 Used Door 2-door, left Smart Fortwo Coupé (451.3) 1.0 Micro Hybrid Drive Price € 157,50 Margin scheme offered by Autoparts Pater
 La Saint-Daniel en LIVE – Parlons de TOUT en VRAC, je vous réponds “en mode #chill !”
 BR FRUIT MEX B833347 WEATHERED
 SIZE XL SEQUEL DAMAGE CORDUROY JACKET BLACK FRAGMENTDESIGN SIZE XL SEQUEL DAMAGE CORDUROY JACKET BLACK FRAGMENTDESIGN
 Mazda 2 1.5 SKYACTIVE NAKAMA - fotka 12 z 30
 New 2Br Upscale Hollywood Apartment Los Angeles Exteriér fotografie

■ WORK TO COMPLETE: Beginning with the line that has "La Saint-Daniel en" and ending with the line that has "Mazda 2 1.5 SKYACTIVE NAKAMA - fotka 12 z 30", set down the lines above exactly and include no others.

■ OUTPUT OF THE EXERCISE:
 La Saint-Daniel en LIVE – Parlons de TOUT en VRAC, je vous réponds “en mode #chill !”
 BR FRUIT MEX B833347 WEATHERED
 SIZE XL SEQUEL DAMAGE CORDUROY JACKET BLACK FRAGMENTDESIGN SIZE XL SEQUEL DAMAGE CORDUROY JACKET BLACK FRAGMENTDESIGN
 Mazda 2 1.5 SKYACTIVE NAKAMA - fotka 12 z 30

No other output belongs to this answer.